Thursday, May 5, 2011

HandyWrite - the Ultimate Shorthand System

It's time for an app that understands shorthand. It's time to bring shorthand back.

Check this out:

This guy designed what looks like a near-optimal shorthand system:

1. He started with Gregg shorthand. Note that just using Gregg letters alone you'll speed up your note-taking significantly. The downside is that the notes themselves are often abbreviations, so you have to transcribe soon after you've taken the notes or else it becomes a bit opaque.

2. He extended it to represent the full range of English pronunciation. Now you have 1:1 sound-correspondence to English. You can read back what you wrote years later. i.e. It's a full writing system.

3. He then added a symbology for just 100 of the most common English words. Not at all as extensive as classical shorthand, but all you need is to be able to record notes as fast as they're spoken.

Ok, the best thing about it in my opinion is that it honors and re-uses prior art in simply extending Gregg shorthand. That alone is worth something in my book -- and not just for sentimental reasons: Gregg is a thoughtful and elegant system.

I've jotted down the letter forms, and will be practicing them little by little as I have time. My goal is to be able to record meetings with it.

Actually, my real goal is to write an app that will let me take notes with it.


  1. Note that Handywrite only represents the full range of Standard US English pronunciation. There's at least on vowel sound missing for Standard UK English and more sounds missing for Standard Scottish English. E.g., the vowel sounds in "bot" and "father" are not distinguished in Handywrite. Basically it's missing the "o" sound in UK English. This can be fixed by assigning a leftwards oval (the reflection of that used for "aw") for the long a sound in father (for those who say it like that) and keeping the "o" symbol for "o".

    The missing consonant sounds in Standard Scottish English are covered by "Blends". There are many many missing vowel sounds from "Standard Scottish" (whatever that is), but none that prevent unambiguous writing.

    Even Scottish Gaelic can be covered with the addition of a blend for "gh", a double "l" for the the palatal L, and ticks inside the two ovals to assign "ao" and that nasal sound at the end of "donn" or the middle of "toimhseachd". Obviously you might also want to add accents for long vowels.

    Anyway, HandyWrite is very extensible, making it possible to represent other accents/languages, not just Standard US English.
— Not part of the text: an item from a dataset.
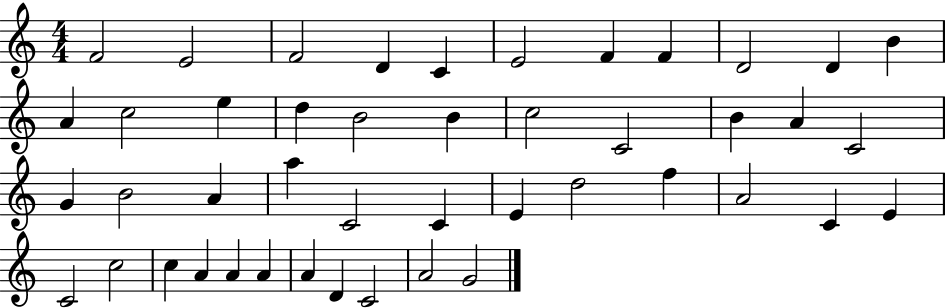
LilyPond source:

Love it!

    1. Hi Jimi,

      I'd really like to learn this, but the fact that it assumes an american accent makes it a non starter for me to understand what they mean by different vowel sounds (I'm British and no linguist). You seem to be the only person that has acknowledged this fact that I can find. I wonder if you would be able (and bothered!) to re-write the handywrite alphabet in UK english (with your "o" additions).


      Sorry if this reply has gone through twice, I didn't think it had worked the first time.

    2. I had the same problem when learning handywrite. I was missing an extra vowel sound "aw" sound in not and hot (IPA: /ɔ/ or Open-mid back rounded vowel).

      I just added a new symbol to represent that vowel sound. It's basically the "u" looking symbol (vowel sound is oo, like boot, or pool), but upside down.